The data below contains pictures, which are to be skipped; the lines starting at the line with "34pcs Natural Red" and ending at the line with "7Diamonds - Men's" are to be output exactly, both ends included.

(Study material):
--
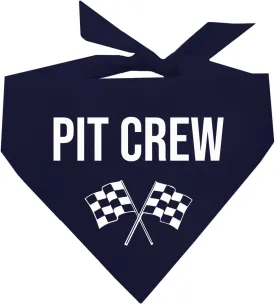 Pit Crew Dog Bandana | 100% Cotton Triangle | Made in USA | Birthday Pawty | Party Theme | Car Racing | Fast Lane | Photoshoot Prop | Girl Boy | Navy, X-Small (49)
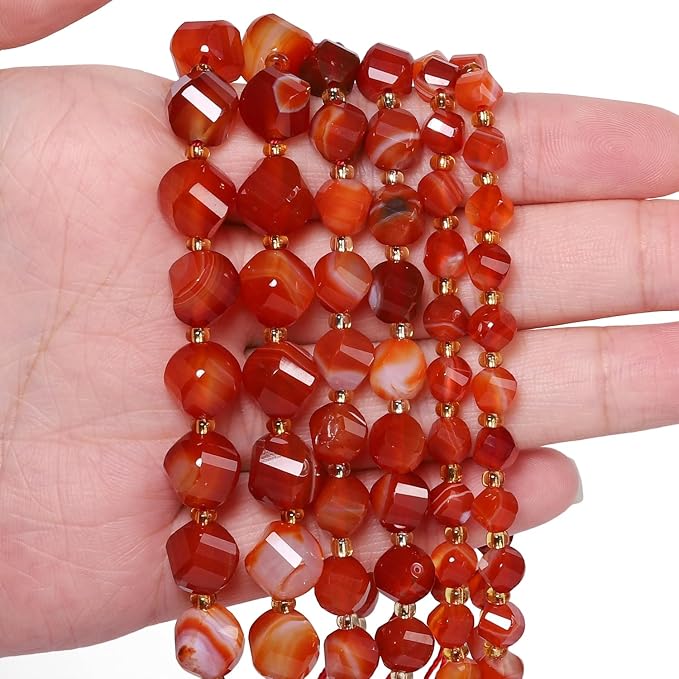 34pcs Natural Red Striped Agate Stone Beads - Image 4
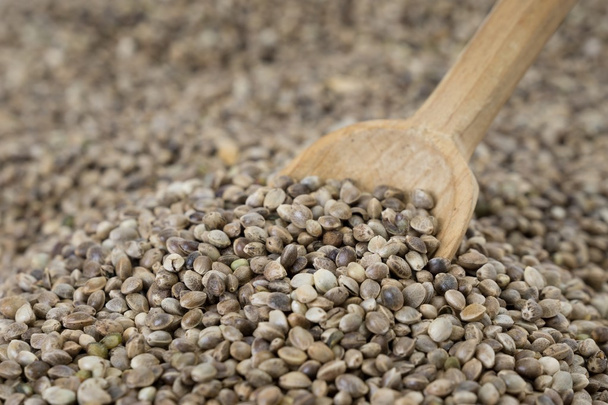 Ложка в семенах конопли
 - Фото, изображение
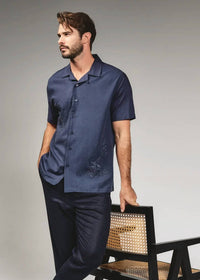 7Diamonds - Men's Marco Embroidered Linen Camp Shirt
--
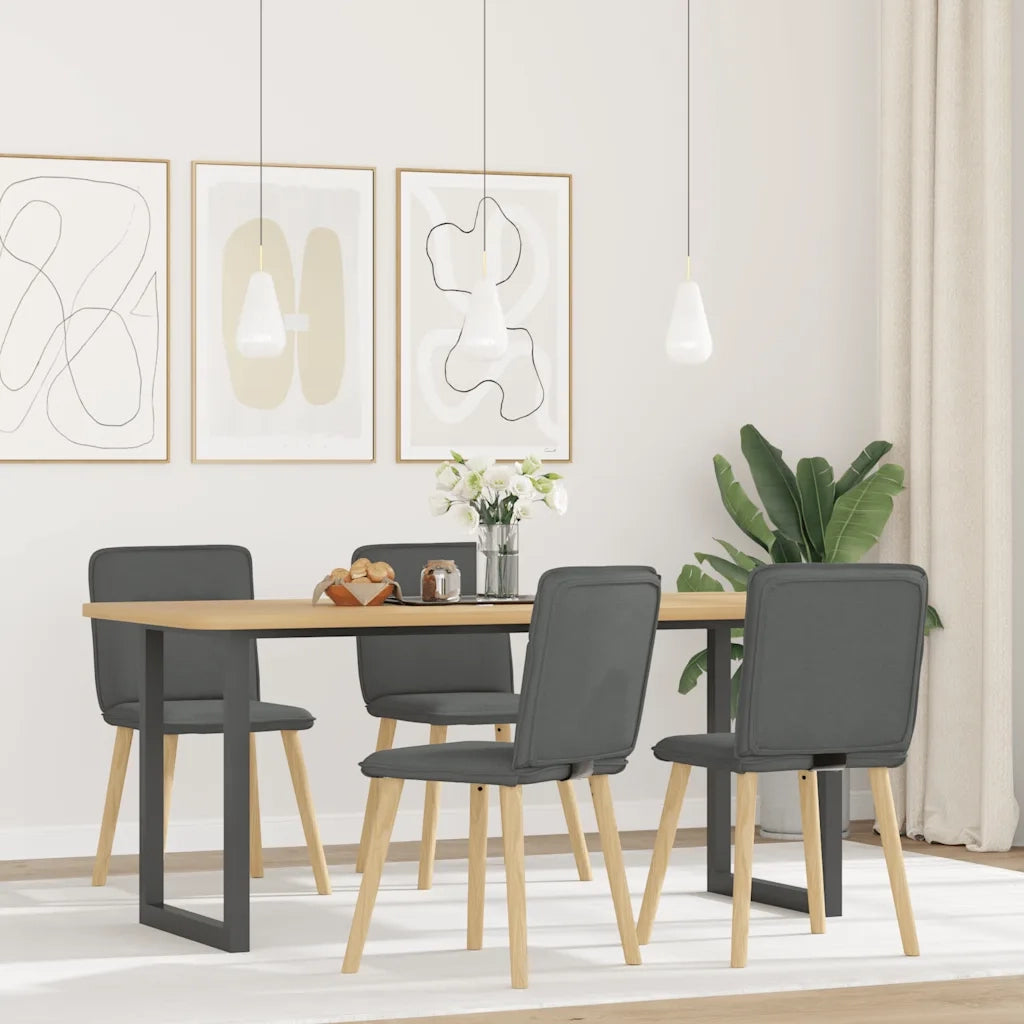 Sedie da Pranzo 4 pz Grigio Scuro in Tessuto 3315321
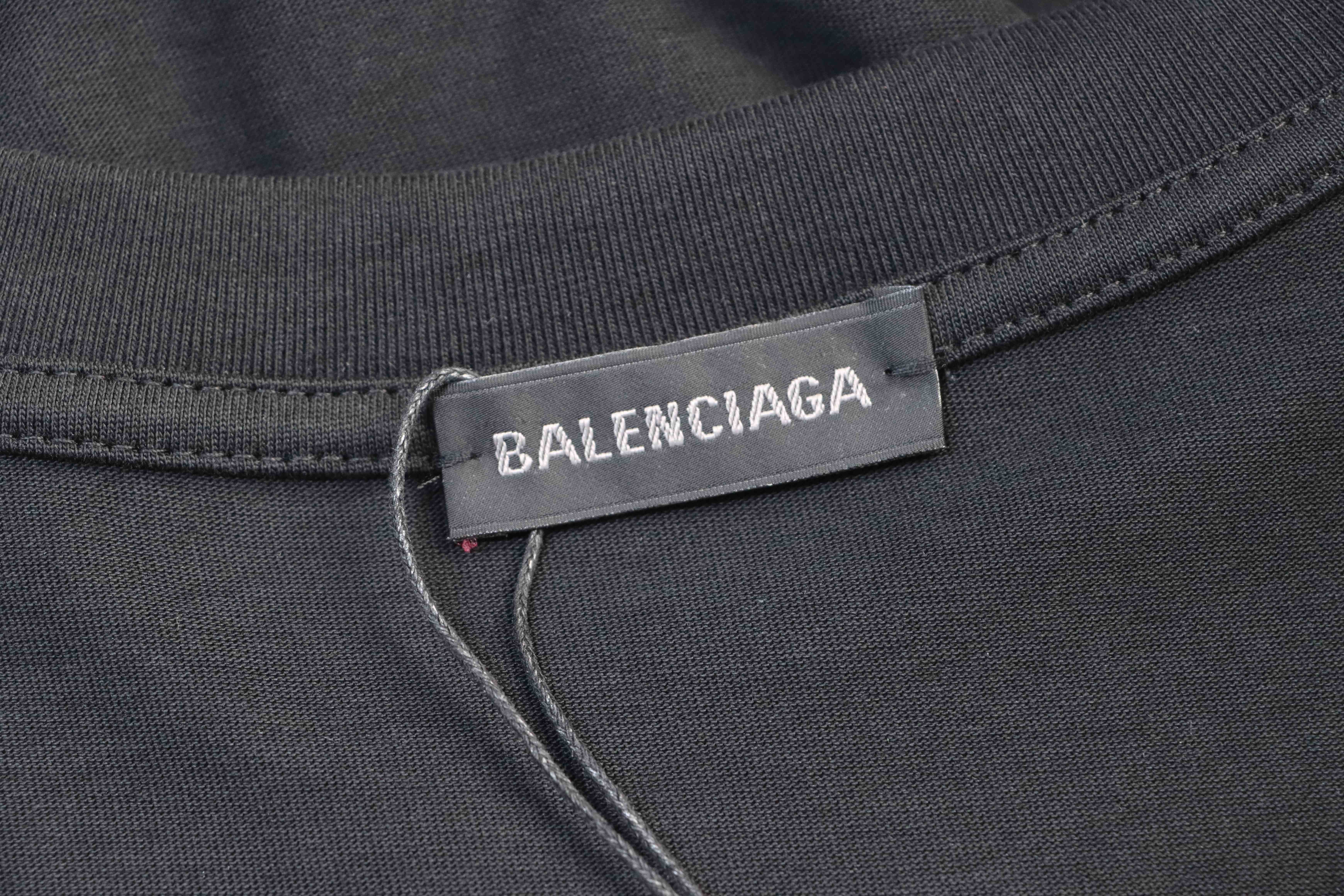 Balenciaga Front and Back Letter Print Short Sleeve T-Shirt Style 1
--
(Solution):
 34pcs Natural Red Striped Agate Stone Beads - Image 4
 Ложка в семенах конопли
 - Фото, изображение
 7Diamonds - Men's Marco Embroidered Linen Camp Shirt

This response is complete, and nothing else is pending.